■ Exercise brief ■
Every entry must be output exactly as it was written.

[Records excerpted from a collection]
((
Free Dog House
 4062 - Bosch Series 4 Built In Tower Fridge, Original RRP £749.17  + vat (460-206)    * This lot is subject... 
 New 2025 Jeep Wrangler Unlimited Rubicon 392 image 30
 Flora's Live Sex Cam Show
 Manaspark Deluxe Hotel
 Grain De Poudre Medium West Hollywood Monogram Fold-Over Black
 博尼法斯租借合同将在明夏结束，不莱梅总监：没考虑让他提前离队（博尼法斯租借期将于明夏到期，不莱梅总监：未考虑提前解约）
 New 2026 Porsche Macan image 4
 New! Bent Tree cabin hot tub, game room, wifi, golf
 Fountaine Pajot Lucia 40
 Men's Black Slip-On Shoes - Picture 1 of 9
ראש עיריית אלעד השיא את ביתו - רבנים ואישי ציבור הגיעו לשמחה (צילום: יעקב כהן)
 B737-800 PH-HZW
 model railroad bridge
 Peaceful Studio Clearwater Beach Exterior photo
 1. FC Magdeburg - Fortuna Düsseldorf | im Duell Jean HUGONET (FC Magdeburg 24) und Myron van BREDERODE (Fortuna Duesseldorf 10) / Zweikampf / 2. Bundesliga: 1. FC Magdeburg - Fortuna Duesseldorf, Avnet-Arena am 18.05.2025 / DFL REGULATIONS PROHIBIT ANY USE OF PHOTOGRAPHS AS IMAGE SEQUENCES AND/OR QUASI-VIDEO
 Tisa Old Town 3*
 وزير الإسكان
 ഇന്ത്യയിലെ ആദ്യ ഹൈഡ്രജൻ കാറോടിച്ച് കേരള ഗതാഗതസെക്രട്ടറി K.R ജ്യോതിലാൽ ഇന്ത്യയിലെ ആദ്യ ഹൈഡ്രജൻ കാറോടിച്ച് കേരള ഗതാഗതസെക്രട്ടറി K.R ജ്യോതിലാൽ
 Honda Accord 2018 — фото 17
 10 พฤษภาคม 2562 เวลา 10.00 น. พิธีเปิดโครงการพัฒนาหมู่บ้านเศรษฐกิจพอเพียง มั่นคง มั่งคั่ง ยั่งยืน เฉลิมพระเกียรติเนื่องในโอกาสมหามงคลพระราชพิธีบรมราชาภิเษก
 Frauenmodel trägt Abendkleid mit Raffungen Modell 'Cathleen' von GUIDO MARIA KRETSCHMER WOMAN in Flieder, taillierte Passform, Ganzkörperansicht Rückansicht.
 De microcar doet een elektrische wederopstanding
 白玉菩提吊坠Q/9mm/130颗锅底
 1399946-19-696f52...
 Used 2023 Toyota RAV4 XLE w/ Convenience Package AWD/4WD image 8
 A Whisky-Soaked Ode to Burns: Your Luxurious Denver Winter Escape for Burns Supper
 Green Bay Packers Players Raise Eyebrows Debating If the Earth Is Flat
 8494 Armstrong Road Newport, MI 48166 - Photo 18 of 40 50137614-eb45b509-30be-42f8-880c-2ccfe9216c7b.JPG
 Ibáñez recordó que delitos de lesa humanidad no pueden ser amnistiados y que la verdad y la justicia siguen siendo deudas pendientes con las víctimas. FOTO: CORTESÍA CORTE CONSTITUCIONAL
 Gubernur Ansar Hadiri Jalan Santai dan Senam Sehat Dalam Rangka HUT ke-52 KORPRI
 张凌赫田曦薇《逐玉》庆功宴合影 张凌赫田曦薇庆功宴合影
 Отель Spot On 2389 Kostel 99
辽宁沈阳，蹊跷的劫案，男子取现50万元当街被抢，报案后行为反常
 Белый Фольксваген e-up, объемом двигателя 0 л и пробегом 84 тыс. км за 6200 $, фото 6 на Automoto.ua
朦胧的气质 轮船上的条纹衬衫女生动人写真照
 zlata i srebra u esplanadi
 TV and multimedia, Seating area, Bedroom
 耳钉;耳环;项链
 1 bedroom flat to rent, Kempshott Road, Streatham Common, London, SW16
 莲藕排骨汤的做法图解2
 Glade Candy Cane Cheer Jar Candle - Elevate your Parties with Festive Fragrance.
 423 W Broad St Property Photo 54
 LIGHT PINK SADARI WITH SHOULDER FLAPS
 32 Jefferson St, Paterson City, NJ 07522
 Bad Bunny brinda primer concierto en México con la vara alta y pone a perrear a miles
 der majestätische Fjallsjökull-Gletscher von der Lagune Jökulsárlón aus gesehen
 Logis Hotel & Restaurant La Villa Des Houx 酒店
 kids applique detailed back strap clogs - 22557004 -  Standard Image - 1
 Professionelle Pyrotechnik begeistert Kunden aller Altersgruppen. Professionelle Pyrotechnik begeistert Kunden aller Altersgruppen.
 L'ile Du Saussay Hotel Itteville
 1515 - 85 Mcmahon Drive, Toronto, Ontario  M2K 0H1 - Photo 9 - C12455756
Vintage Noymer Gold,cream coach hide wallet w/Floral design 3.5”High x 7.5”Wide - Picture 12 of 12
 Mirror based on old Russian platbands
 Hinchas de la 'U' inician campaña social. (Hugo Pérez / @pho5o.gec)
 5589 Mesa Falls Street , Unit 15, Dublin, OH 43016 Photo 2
))
■ Response for this exercise ■
Free Dog House
 4062 - Bosch Series 4 Built In Tower Fridge, Original RRP £749.17  + vat (460-206)    * This lot is subject... 
 New 2025 Jeep Wrangler Unlimited Rubicon 392 image 30
 Flora's Live Sex Cam Show
 Manaspark Deluxe Hotel
 Grain De Poudre Medium West Hollywood Monogram Fold-Over Black
 博尼法斯租借合同将在明夏结束，不莱梅总监：没考虑让他提前离队（博尼法斯租借期将于明夏到期，不莱梅总监：未考虑提前解约）
 New 2026 Porsche Macan image 4
 New! Bent Tree cabin hot tub, game room, wifi, golf
 Fountaine Pajot Lucia 40
 Men's Black Slip-On Shoes - Picture 1 of 9
ראש עיריית אלעד השיא את ביתו - רבנים ואישי ציבור הגיעו לשמחה (צילום: יעקב כהן)
 B737-800 PH-HZW
 model railroad bridge
 Peaceful Studio Clearwater Beach Exterior photo
 1. FC Magdeburg - Fortuna Düsseldorf | im Duell Jean HUGONET (FC Magdeburg 24) und Myron van BREDERODE (Fortuna Duesseldorf 10) / Zweikampf / 2. Bundesliga: 1. FC Magdeburg - Fortuna Duesseldorf, Avnet-Arena am 18.05.2025 / DFL REGULATIONS PROHIBIT ANY USE OF PHOTOGRAPHS AS IMAGE SEQUENCES AND/OR QUASI-VIDEO
 Tisa Old Town 3*
 وزير الإسكان
 ഇന്ത്യയിലെ ആദ്യ ഹൈഡ്രജൻ കാറോടിച്ച് കേരള ഗതാഗതസെക്രട്ടറി K.R ജ്യോതിലാൽ ഇന്ത്യയിലെ ആദ്യ ഹൈഡ്രജൻ കാറോടിച്ച് കേരള ഗതാഗതസെക്രട്ടറി K.R ജ്യോതിലാൽ
 Honda Accord 2018 — фото 17
 10 พฤษภาคม 2562 เวลา 10.00 น. พิธีเปิดโครงการพัฒนาหมู่บ้านเศรษฐกิจพอเพียง มั่นคง มั่งคั่ง ยั่งยืน เฉลิมพระเกียรติเนื่องในโอกาสมหามงคลพระราชพิธีบรมราชาภิเษก
 Frauenmodel trägt Abendkleid mit Raffungen Modell 'Cathleen' von GUIDO MARIA KRETSCHMER WOMAN in Flieder, taillierte Passform, Ganzkörperansicht Rückansicht.
 De microcar doet een elektrische wederopstanding
 白玉菩提吊坠Q/9mm/130颗锅底
 1399946-19-696f52...
 Used 2023 Toyota RAV4 XLE w/ Convenience Package AWD/4WD image 8
 A Whisky-Soaked Ode to Burns: Your Luxurious Denver Winter Escape for Burns Supper
 Green Bay Packers Players Raise Eyebrows Debating If the Earth Is Flat
 8494 Armstrong Road Newport, MI 48166 - Photo 18 of 40 50137614-eb45b509-30be-42f8-880c-2ccfe9216c7b.JPG
 Ibáñez recordó que delitos de lesa humanidad no pueden ser amnistiados y que la verdad y la justicia siguen siendo deudas pendientes con las víctimas. FOTO: CORTESÍA CORTE CONSTITUCIONAL
 Gubernur Ansar Hadiri Jalan Santai dan Senam Sehat Dalam Rangka HUT ke-52 KORPRI
 张凌赫田曦薇《逐玉》庆功宴合影 张凌赫田曦薇庆功宴合影
 Отель Spot On 2389 Kostel 99
辽宁沈阳，蹊跷的劫案，男子取现50万元当街被抢，报案后行为反常
 Белый Фольксваген e-up, объемом двигателя 0 л и пробегом 84 тыс. км за 6200 $, фото 6 на Automoto.ua
朦胧的气质 轮船上的条纹衬衫女生动人写真照
 zlata i srebra u esplanadi
 TV and multimedia, Seating area, Bedroom
 耳钉;耳环;项链
 1 bedroom flat to rent, Kempshott Road, Streatham Common, London, SW16
 莲藕排骨汤的做法图解2
 Glade Candy Cane Cheer Jar Candle - Elevate your Parties with Festive Fragrance.
 423 W Broad St Property Photo 54
 LIGHT PINK SADARI WITH SHOULDER FLAPS
 32 Jefferson St, Paterson City, NJ 07522
 Bad Bunny brinda primer concierto en México con la vara alta y pone a perrear a miles
 der majestätische Fjallsjökull-Gletscher von der Lagune Jökulsárlón aus gesehen
 Logis Hotel & Restaurant La Villa Des Houx 酒店
 kids applique detailed back strap clogs - 22557004 -  Standard Image - 1
 Professionelle Pyrotechnik begeistert Kunden aller Altersgruppen. Professionelle Pyrotechnik begeistert Kunden aller Altersgruppen.
 L'ile Du Saussay Hotel Itteville
 1515 - 85 Mcmahon Drive, Toronto, Ontario  M2K 0H1 - Photo 9 - C12455756
Vintage Noymer Gold,cream coach hide wallet w/Floral design 3.5”High x 7.5”Wide - Picture 12 of 12
 Mirror based on old Russian platbands
 Hinchas de la 'U' inician campaña social. (Hugo Pérez / @pho5o.gec)
 5589 Mesa Falls Street , Unit 15, Dublin, OH 43016 Photo 2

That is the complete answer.